Ban Ki-Moon On Syria: 'I Don't Think We Can Go On Like This'

AMMAN, Jan 31 (Reuters) - U.N. Secretary-General Ban Ki-moon said on Tuesday he hoped the Security Council would reflect international will when it deliberates a draft resolution calling on Syrian President Bashar al-Assad to quit power.

Spurred by Assad's brutal crackdown on anti-government protesters, the Arab League, backed by the United States, France and Britain, will ask the Council on Tuesday to adopt the resolution. Russia, one of Syria's few allies, has objected to it on the grounds it could pave the way for military intervention in Syria.

"I sincerely hope the Security Council will be united and speak in a coherent manner reflecting the wishes of the international community," he told reporters in the Jordanian capital. "This is crucially important."

China, which like Russia has a veto in the council, also has reservations about the draft. Russia and China vetoed a European-drafted resolution in October that condemned Syria and threatened it with sanctions.

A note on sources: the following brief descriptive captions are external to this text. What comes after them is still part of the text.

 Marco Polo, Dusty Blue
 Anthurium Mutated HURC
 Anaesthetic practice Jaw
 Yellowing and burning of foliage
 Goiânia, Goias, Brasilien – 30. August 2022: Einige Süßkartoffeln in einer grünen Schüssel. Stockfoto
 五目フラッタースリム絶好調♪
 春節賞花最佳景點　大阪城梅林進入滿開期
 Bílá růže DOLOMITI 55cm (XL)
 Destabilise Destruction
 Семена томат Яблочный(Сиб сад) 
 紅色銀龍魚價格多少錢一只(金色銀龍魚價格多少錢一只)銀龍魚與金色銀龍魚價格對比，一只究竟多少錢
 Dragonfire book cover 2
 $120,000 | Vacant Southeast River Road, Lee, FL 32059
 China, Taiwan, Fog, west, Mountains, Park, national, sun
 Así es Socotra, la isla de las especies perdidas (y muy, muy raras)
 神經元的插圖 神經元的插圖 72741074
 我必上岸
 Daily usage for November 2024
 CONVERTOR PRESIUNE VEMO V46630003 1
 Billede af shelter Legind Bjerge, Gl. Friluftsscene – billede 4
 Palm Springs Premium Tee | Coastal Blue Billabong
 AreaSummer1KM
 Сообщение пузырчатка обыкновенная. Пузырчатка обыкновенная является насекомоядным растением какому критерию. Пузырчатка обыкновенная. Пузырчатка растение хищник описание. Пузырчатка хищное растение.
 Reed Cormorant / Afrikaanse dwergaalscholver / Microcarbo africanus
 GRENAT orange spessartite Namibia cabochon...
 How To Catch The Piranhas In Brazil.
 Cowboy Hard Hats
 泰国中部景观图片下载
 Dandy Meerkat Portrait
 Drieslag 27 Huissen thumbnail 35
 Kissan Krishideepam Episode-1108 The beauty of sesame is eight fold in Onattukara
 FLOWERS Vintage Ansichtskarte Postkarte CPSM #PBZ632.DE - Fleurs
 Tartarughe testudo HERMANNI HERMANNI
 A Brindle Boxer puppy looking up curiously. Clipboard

"I don't think we can go on like this," Ban said.

Syria's crackdown on protesters and anti-government fighters had gone on despite a now-suspended Arab League monitoring mission and action was needed to stop the bloodshed, he said.

"Even with the monitoring missions having been there, more than a few hundred have been killed ... every day tens of people are killed ... this should stop immediately," Ban said. "It is crucially important for the Security Council to act on this."

The office of U.N. High Commissioner for Human Rights Navi Pillay voiced alarm on Tuesday at the escalating violence and called on Syrian authorities to "stop the killing of civilians" while also urging opposition forces to show restraint.

"It does look like there's a very dangerous and alarming escalation taking place including right in the suburbs of Damascus," U.N. human rights spokesman Rupert Colville told a news briefing in Geneva.

"So once again we urge the Syrian authorities to stop the killing of civilians in Syria. And we also urge the opposition fighters to take extreme caution too and ensure that there is no more unnecessary killing," he said.

More than 5,000 people have been killed in the uprising as of mid-December, according to Pillay's office.

Despite "high rates of casualties" since then, it has been impossible to verify incidents and lists of victims compiled by five or six human rights groups on the ground, Colville said.